Harambee Stars worries
My dad is a worrier; if there is such a word. Not A warrior who fights with a spear or a sword but a person who worries about everything; and I mean everything.
If I tell him I have a cold, he will call me three times a day to ask if it’s gone; and if I’m travelling to Kisumu, he will call every hour to find out how far I have gone. Thank heavens my mother is the opposite otherwise I would go a little crazy. I of course had to go and inherit my father’s traits so I too am a “worrier”. right now I am worrying about our national team Harambee Stars and Coach Francis Kimanzi.
I could have told you a week ago that there would be issues with Kimanzi fielding players who weren’t committed to clubs; but I chose to give the Coach the benefit of the doubt. We all witnessed how Jamal Mohammed failed to impress on Saturday in the match against Malawi and it isn’t brain surgery to determine why.
Jamal is an exciting player to watch because of his ball control and circus-like antics, but clearly that isn’t effective football. It’s more like a Harlem Globetrotters show than a 2014 World Cup qualifier. Jamal had to be substituted late on for Titus Mulama, another player I highly respect, but a player who I strongly feel has left his best years behind him. Mulama quit international football under Antoine Hey’s reign only to return when Kimani unleashed his little black book and made phone calls.
Kevin Kimani played a decent match against Malawi but his lack of a club showed as he could have been so much better. That’s what irks me. How much better we could have been as a team.
Captain Dennis Oliech complained to one journalist that he found it difficult playing with Humphrey Mieno as he had never played with him before. He said he had to over-rely on Patrick Oboya. Eh? Mr Captain Sir, that’s what being in camp is all about; bonding and getting to know the other players. You took so long to decide to join the team and we all knew you would re-join and you decided that you were too important to sleep in camp and were allowed by the coach to go home every night. That is part of the problem.
Players spend time in camp to bond; to get to know how the other is thinking; and to strategise on moves. That bonding doesn’t end when you leave the pitch; it continues as you eat your supper together; enjoy late night chats and wake up in close proximity with each other.
Mieno may not have been the Mieno we see playing for Sofapaka but he can only grow with support all round.
The issue of several players being allowed to leave camp and go sleep in their cushy beds at home is another thing that worries me. Why does Kimanzi allow this? When my fellow SuperSport journalist Collins Okinyo tweeted about this; some fans shamelessly said that they weren’t used to tough living conditions. Excuse me! These players didn’t grow up in the plush Lavington area you know. If the camp is good enough for some players, it’s good enough for all of them.

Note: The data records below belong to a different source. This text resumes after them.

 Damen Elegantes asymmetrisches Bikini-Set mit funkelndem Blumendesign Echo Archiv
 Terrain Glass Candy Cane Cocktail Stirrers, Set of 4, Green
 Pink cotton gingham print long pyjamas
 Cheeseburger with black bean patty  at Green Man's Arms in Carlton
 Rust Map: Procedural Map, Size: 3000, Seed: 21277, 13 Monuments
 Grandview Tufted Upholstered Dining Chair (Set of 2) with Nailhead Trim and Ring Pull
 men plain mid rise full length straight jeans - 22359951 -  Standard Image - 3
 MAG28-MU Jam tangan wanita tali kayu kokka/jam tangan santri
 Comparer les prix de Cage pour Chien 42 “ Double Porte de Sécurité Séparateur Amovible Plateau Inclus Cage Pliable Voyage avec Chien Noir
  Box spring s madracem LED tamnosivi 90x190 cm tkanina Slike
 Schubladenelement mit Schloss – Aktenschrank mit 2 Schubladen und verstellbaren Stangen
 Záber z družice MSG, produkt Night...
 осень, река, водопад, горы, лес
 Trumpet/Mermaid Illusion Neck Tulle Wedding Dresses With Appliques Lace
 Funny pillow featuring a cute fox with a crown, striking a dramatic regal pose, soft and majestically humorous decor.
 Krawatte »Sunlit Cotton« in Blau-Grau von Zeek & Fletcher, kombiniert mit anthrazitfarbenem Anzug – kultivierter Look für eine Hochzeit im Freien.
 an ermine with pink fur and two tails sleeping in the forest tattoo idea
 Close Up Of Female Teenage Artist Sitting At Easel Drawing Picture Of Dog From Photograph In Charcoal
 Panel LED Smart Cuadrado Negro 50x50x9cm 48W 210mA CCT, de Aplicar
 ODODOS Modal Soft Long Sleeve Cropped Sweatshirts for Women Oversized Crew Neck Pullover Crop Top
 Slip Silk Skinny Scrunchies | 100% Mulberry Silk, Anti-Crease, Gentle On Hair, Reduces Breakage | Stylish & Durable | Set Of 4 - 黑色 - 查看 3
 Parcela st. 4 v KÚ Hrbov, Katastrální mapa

I worry that we seem not to realise how detrimental Saturday’s result was. Yes the 2014 qualifiers are set in a league format as Kimanzi and Oliech keep reminding us; but there is no denying that three points from Malawi here at home was a need, more than a want. Malawi left four of their most senior players at home and even though we hope to have Macdonald Mariga and Allan Wanga ready for later matches, Coach Kinnah Phiri says they will raise them game 10-fold at home and Kenya won’t stand a chance. Yes there’s always a chance but it’s good to be realistic.
Realistically getting any win home or away over Nigeria is a long shot; even though it is possible.
Namibia have a really tight defence and unless we improve on our strike force; we will be in trouble this weekend – again. Dennis is a great striker but probably the formation fronted by Kimanzi was the problem. I worry.
Isn’t the traditional game plan of league format qualifiers to win home games and play for a draw away? That already puts us in a precarious position even though we have five matches left.
I worry that Kimanzi is carrying almost the same team to Namibia, with the inclusion of Arnold Origi in goal and Eugene Asike for Pascal Ochieng. I have a feeling that Origi came running after Boniface Oluoch’s superb performance. These two players aren’t likely to be the difference. Pascal didn’t play on Saturday while the goalkeeping department wasn’t our undoing.
I truly worry.
I worry that the national team has become as some Twitter followers termed it; a collection of “Kimanzi and Friends” – a group of former Mathare United, Tusker and Sofapaka players.
I worry that team selection isn’t always free and fair and I worry that we aren’t learning from past mistakes. Instead we’re just repeating them; while somehow hoping for different results.